• Entries provided:
____________

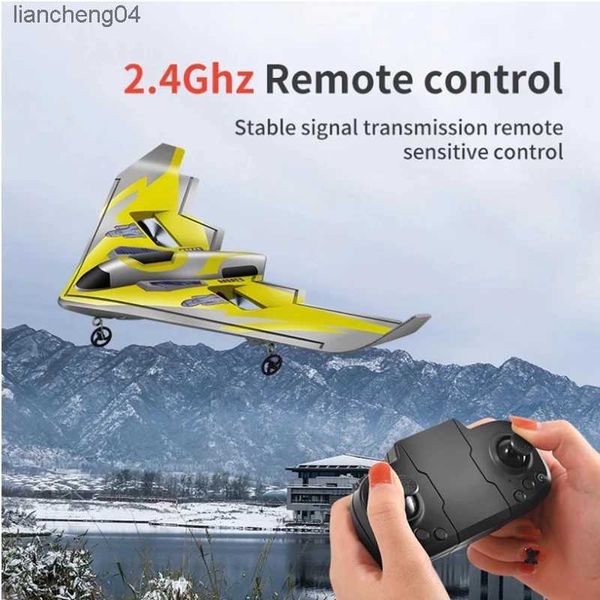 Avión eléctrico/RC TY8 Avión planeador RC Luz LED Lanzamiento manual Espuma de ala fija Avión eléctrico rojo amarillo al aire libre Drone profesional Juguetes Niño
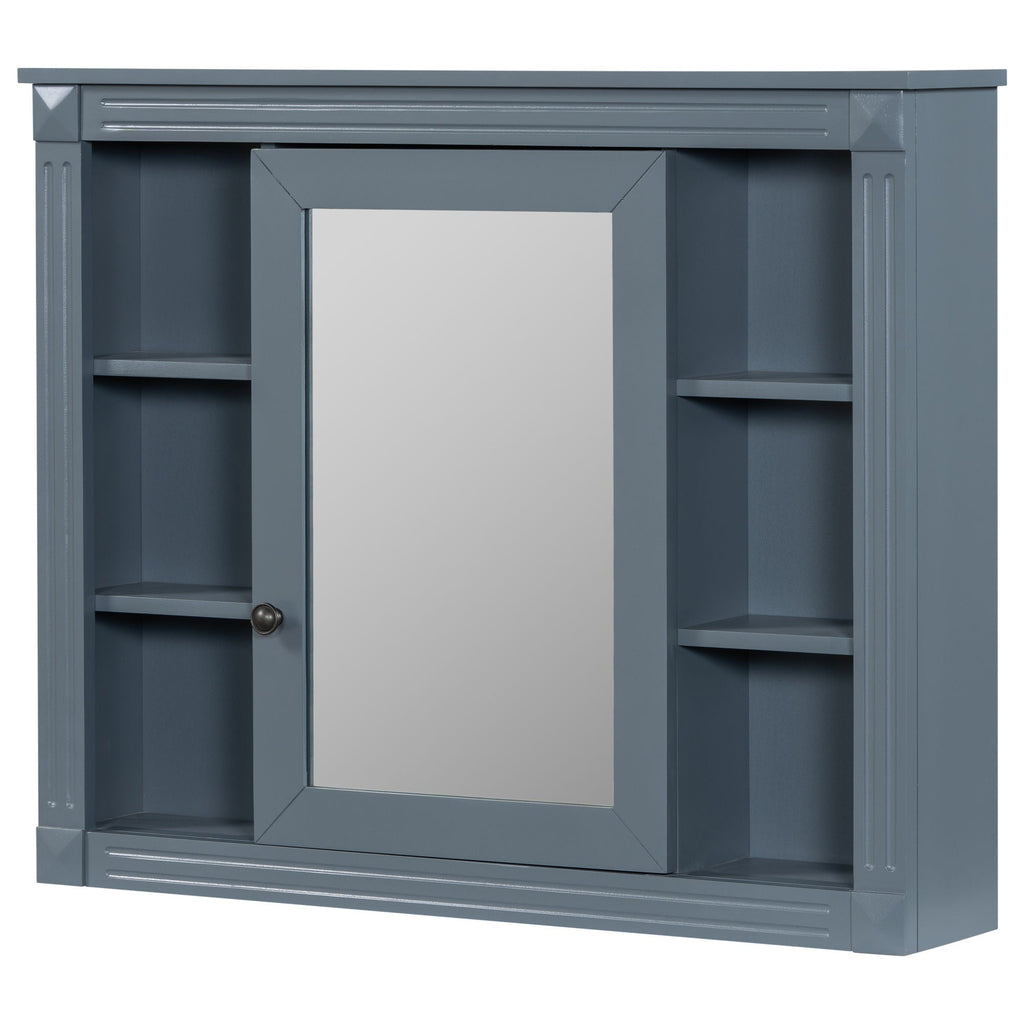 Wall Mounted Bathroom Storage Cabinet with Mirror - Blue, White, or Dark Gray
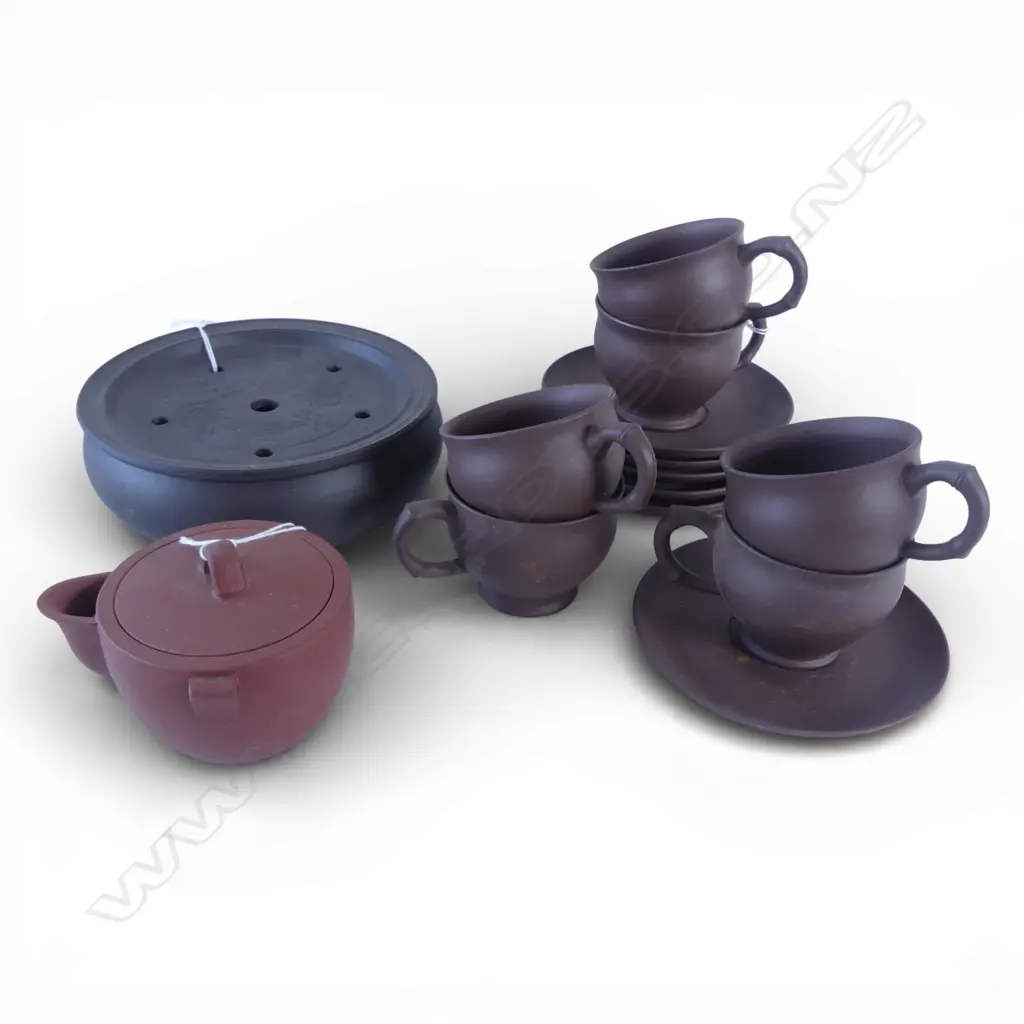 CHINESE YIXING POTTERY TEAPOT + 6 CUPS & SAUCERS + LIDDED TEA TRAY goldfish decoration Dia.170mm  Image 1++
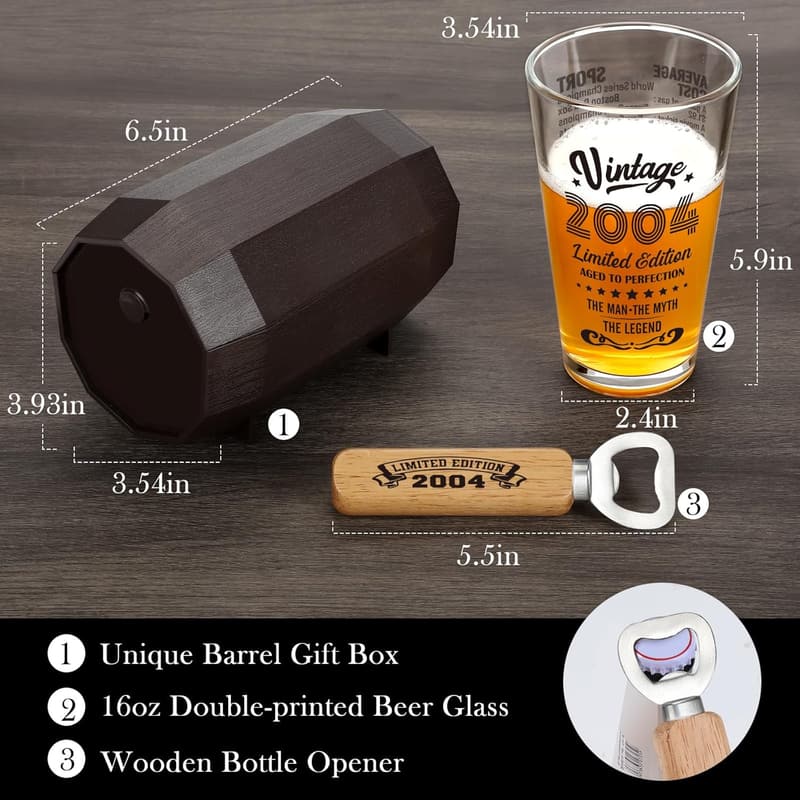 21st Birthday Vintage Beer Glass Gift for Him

____________

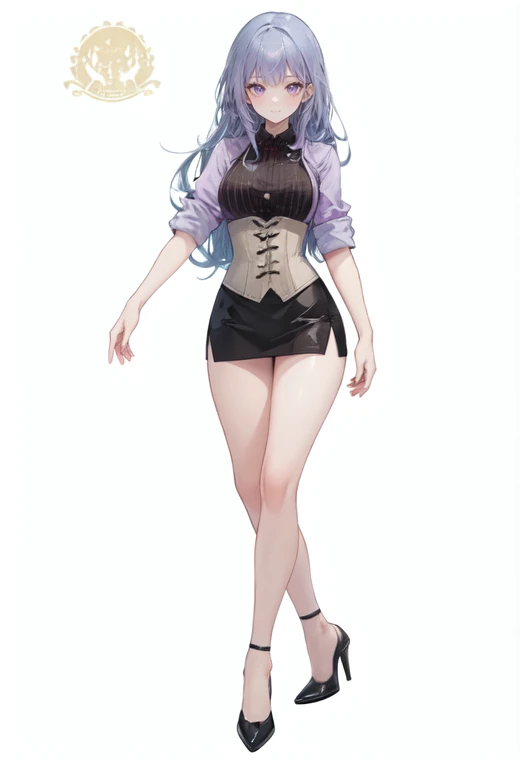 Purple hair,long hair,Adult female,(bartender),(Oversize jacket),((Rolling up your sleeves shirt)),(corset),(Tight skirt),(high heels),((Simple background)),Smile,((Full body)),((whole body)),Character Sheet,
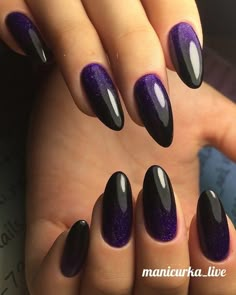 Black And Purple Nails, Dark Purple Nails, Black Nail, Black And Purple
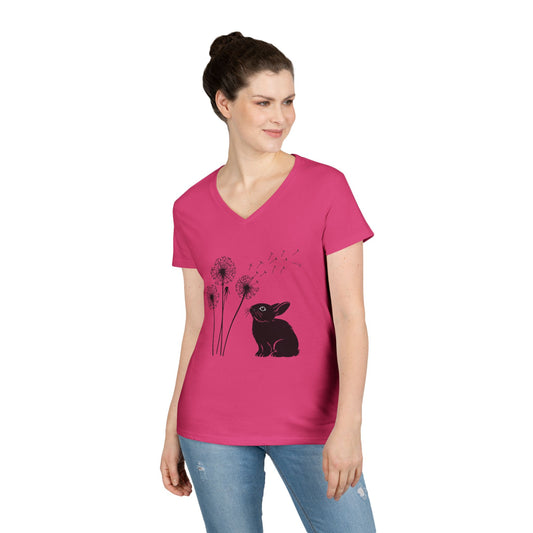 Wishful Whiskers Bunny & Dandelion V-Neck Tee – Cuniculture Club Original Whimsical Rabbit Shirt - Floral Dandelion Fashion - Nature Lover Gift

____________

• Exercise instructions: Find the line with "Avión eléctrico/RC TY8" in the entries above. Set down exactly every line from it up to and including the line with "21st Birthday Vintage", images excluded.

• Answer to the exercise:
 Avión eléctrico/RC TY8 Avión planeador RC Luz LED Lanzamiento manual Espuma de ala fija Avión eléctrico rojo amarillo al aire libre Drone profesional Juguetes Niño
 Wall Mounted Bathroom Storage Cabinet with Mirror - Blue, White, or Dark Gray
 CHINESE YIXING POTTERY TEAPOT + 6 CUPS & SAUCERS + LIDDED TEA TRAY goldfish decoration Dia.170mm  Image 1++
 21st Birthday Vintage Beer Glass Gift for Him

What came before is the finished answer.